Through sculpture, photograph, paint and mixed media, each artwork speaks of a personal experience.
The theme itself was originally decided as a reaction against the proposal of an exhibition which would focus on one demographic of the community. Instead, Hair jumped out as a rich seam for exploration, one which would invite broad interest, variety and reflect the important cultural diversity within Lambeth itself, “everyone has a hair story”, said John.
Walking into the gallery for the first time, the senses are captivated with colour, the space is awash with splashes of bright bubblegum in Ewa Obrochta’s “Dualsexus”, a mixed media collage depicting a leaping, androgynous ballerina and in Sue Cox’s “Beside”, a sensitive portrayal of a family by the water in soft blues and fleshy hues.
Ingrid Andrew’s three portraits “Helen”, “Violet” and “Woman at the window”, explore the beauty of youth and the elegance of age in a quiet conversation between the viewer and viewed. Perhaps family, friends or strangers, these richly coloured portraits invite you to think inquisitively of their provenance and significance to the artist. Marion Mitchell’s “My mother has golden hair”, a sculpture with long locks of blonde growing from the base of a wide hairbrush takes an entertaining spin on a family member, whilst another artist focuses on the lack of. Kelly Averis, a student and commendably one of the youngest artists in the exhibition, puts forth a sincere and lovely portrait of her father, a burly looking man with insecurities about his hair loss, in a painting entitled “Dad”. Kelly wanted to portray her father as a strong figure who is “conscientious and worried about getting old like many other people.” There is a strong current of painting which paves the way for a selection of works by Jolyon Dupuy, a mixed media sculptor. “The Beachcomber and his lover”, is a piece consisting of wood, wire, broom bristle and a carefully arranged bounty of found objects, adding a jollity and contemporary take on hair, as a material that keep the theme sailing. John Price exhibits “Rastafarian Giacometti”, composed of a charred plank of wood with afro-carribean hair. This playful piece was inspired by cuttings of hair from the barbershop, blowing down the street in the wind. A poetic image which symbolises beautifully an integrated culture in an urban Britain.
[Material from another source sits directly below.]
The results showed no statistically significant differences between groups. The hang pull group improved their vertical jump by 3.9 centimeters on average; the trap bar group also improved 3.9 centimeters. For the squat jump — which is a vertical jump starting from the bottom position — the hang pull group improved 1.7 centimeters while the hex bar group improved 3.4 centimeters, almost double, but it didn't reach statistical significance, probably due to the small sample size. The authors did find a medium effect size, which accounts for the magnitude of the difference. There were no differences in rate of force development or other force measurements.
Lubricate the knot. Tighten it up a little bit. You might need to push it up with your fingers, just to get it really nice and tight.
The Portico gallery arrived to the great pleasure of Emma Fenelon who exhibits four ceramic pieces, “Wild Hair”, “Ginger hair”, “Bed hair” and “Blue Rinse”. Emma set up a local housing co-operative in 1985 and has lived in the area ever since, “it is fantastic to get involved in a very local art hub as I passionately believe in local involvement.” At first unsure about the theme, “after considering Hair and all it’s myriad cultural connotations, values and significances, I realised that it is a very powerful subject.” Emma’s ceramics are like scenes from a fairytale, each room is adorned with a decorative print on the surface and inside a bathroom where forest of trees create a boundless space for the imagination. Hair spills from bathtubs and cupboards, reaching across floor tiles in a “disturbing reality”. Having a theme took Emma’s work in a new direction, usually working with sectors of the community to create large ceramic buildings in which everyone has a part in the making process, she found that hair forced her to look at the idea of “home” in a different way.
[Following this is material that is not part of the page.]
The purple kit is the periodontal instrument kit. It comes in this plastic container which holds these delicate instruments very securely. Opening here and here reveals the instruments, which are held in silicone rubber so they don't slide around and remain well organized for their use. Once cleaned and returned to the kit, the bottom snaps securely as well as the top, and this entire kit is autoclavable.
It is clear throughout the exhibition that there are a lot of different voices. Each have something to say about Lambeth and who lives there. The gallery's ethos “Art for all”, stays true to the idea that creativity is innate and should be enjoyed by everybody, for which I wholeheartedly agree. The gallery opening, has led to form of creative discourse within Lambeth, encouraging a free spirited exploration of the arts. In a community with such a strong diversity, “Hair” left a compelling and long lasting impression on it’s visitors, I look forward to the next.